Series of uniformly continuous functions converging pointwise to the limit

Suppose that the sequence $f_j(x)$ on the interval $[0, 1]$ satisfies $|f_j(s) - f_j(t)| \leq |s - t|$ for all $s, t \in [0, 1]$. Further assume that the $f_j$ converge pointwise to a limit function $f$ on the interval $[0, 1]$. Does the series converge uniformly?

This is an exercise from my textbook discussing Weierstrass M-Test.

Attempt: Since $f_j$ satisfies the Lipschitz condition, we know it is uniformly continuous, hence continuous.
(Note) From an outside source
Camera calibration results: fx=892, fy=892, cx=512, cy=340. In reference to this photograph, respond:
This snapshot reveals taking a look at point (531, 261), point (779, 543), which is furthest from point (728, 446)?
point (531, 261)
The continuous mapping of a compact set, $[0, 1]$, is still compact, so the supremum of each $f_j$ is well defined $\forall j$. But I can't really prove that $\displaystyle\sum_{j=1}^{\infty}{M_j} < \infty$, so I don't see how the M-test can be applied.

But if the series really is uniformly convergent, this would imply that $\forall \epsilon > 0$, $\exists N$ such that $\forall p > q > N$ we have $\displaystyle\sum_{k = q+1}^{q}{f_j(x)} < \epsilon$ $\forall x$ which is wierd since this means that $\displaystyle\lim_{j \rightarrow \infty}{f_j(x)} = 0$ for all x, which is a very strong condition that can't be deducted from the fact that $f_j$ being pointwisely convergent to a limit function $f$.
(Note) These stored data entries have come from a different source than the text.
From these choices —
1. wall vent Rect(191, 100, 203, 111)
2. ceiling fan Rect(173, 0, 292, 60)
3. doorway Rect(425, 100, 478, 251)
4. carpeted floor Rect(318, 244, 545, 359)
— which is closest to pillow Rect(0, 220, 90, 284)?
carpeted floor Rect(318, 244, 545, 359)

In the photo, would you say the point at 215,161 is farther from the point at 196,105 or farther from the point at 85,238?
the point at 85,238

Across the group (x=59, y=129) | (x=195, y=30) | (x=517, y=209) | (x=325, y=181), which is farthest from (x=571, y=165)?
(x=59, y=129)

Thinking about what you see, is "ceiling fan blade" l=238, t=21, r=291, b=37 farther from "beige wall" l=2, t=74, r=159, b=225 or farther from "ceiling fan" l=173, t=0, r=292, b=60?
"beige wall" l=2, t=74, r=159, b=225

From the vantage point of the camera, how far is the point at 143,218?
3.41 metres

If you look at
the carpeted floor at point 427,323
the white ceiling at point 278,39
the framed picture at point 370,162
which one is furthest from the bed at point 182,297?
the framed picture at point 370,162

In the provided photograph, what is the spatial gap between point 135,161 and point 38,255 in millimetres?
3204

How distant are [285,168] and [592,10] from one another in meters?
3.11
How do I solve this problem? Also, instead of proving the series converges uniformly, can we prove that the sequence converges uniformly?
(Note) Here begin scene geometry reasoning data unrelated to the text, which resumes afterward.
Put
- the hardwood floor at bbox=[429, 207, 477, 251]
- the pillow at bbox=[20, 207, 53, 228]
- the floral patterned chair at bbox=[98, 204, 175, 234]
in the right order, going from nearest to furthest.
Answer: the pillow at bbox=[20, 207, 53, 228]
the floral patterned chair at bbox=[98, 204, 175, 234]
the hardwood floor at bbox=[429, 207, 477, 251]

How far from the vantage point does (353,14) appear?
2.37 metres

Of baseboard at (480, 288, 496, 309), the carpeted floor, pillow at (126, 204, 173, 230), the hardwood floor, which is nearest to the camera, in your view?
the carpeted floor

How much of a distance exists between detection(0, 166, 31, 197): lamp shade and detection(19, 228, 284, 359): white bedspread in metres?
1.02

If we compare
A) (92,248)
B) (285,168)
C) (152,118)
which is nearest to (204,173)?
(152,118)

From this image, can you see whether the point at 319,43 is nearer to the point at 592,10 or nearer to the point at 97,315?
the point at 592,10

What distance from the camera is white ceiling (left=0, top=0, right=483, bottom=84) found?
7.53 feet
Any idea would be appreciated.

• I suspect the question intended to ask "does the sequence converge uniformly." Otherwise you could define $f_j(t)=1$ for all $j,t$ and the Lipschitz condition holds but the sum of these does not converge. Dec 10, 2015 at 4:00
• Yes, it is possible to prove the sequence converges uniformly. Dec 10, 2015 at 4:17

Choose $\epsilon>0$.
Note that by taking limits that we have $|f(x)-f(y)| \le |x-y|$ for $x,y \in [0,1]$.
Let $G_n = \{ { k \over n } \}_{k=0}^n$. Choose $N$ such that ${1 \over N} < {1 \over 3} \epsilon$. Since $G_N$ is finite, we can find some $N' \ge N$ such that if $n \ge N'$, then $|f(y)-f_n(y)| <{1 \over 3} \epsilon$ for all $y \in G_N$.
For each $x \in [0,1]$, there is some $y \in G_N$ such that $|x-y| \le {1 \over N}$.